Data shown

▼

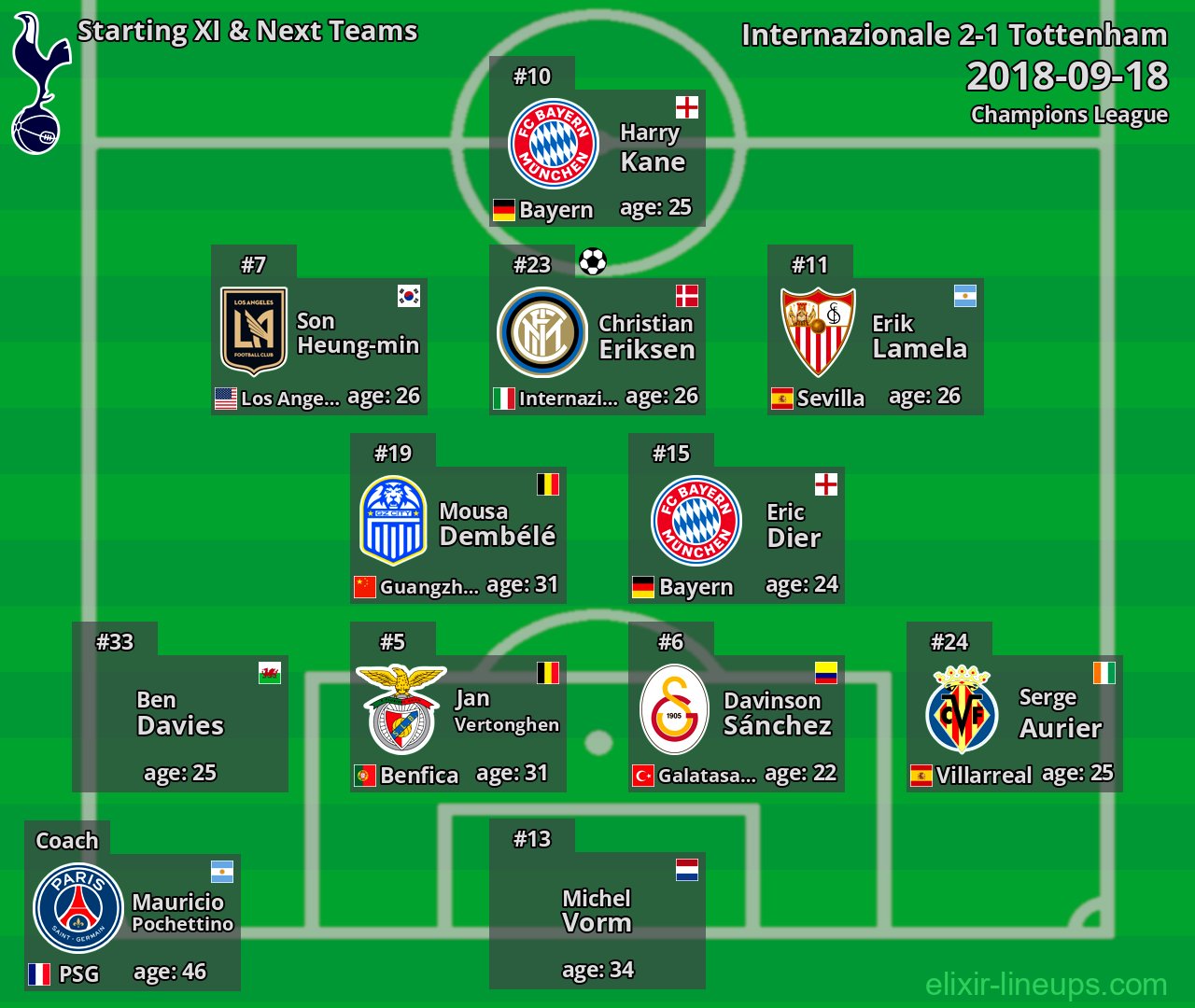 Tottenham Starting XI & Next Teams 2018-09-18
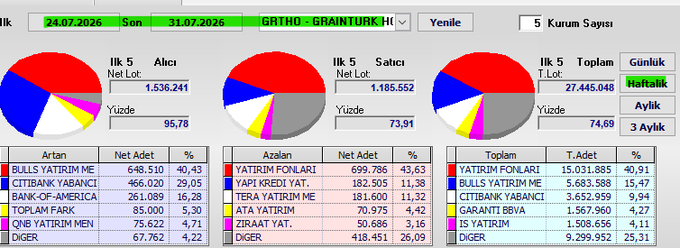 The image shows a weekly summary dashboard for Grainturk "GRTHO" swap statistics covering the period 24.07.2026 to 31.07.2026, displaying weekly positions of 1,536,241 long lots and 1,185,552 short lots with 5 contract expiration dates, alongside pie charts breaking down top increasing positions (Bulls Yatırım at 648,510, Garanti at 466,020) and top decreasing positions (Yatırım Finans at 699,786, Yapı Kredi at 182,505), totaling 27,445,048 lots.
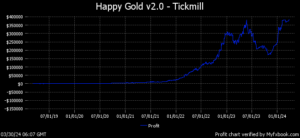 happy GOLD 2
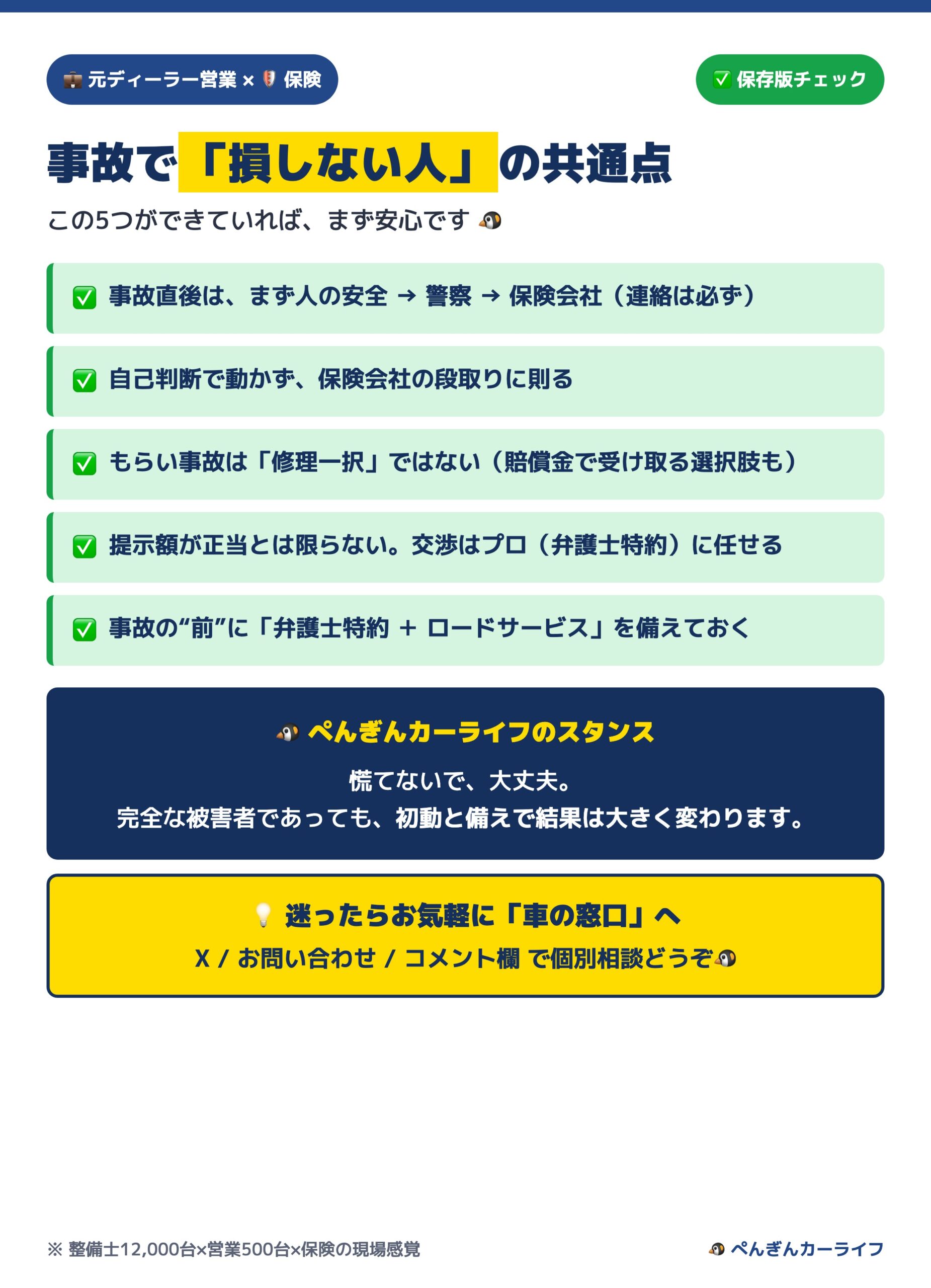 事故で損しない人の共通点チェックリスト - ぺんぎんカーライフ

▲

What you have to do
Repeat the listing above word for word, omitting the pictures.

Your response
 Tottenham Starting XI & Next Teams 2018-09-18
 The image shows a weekly summary dashboard for Grainturk "GRTHO" swap statistics covering the period 24.07.2026 to 31.07.2026, displaying weekly positions of 1,536,241 long lots and 1,185,552 short lots with 5 contract expiration dates, alongside pie charts breaking down top increasing positions (Bulls Yatırım at 648,510, Garanti at 466,020) and top decreasing positions (Yatırım Finans at 699,786, Yapı Kredi at 182,505), totaling 27,445,048 lots.
 happy GOLD 2
 事故で損しない人の共通点チェックリスト - ぺんぎんカーライフ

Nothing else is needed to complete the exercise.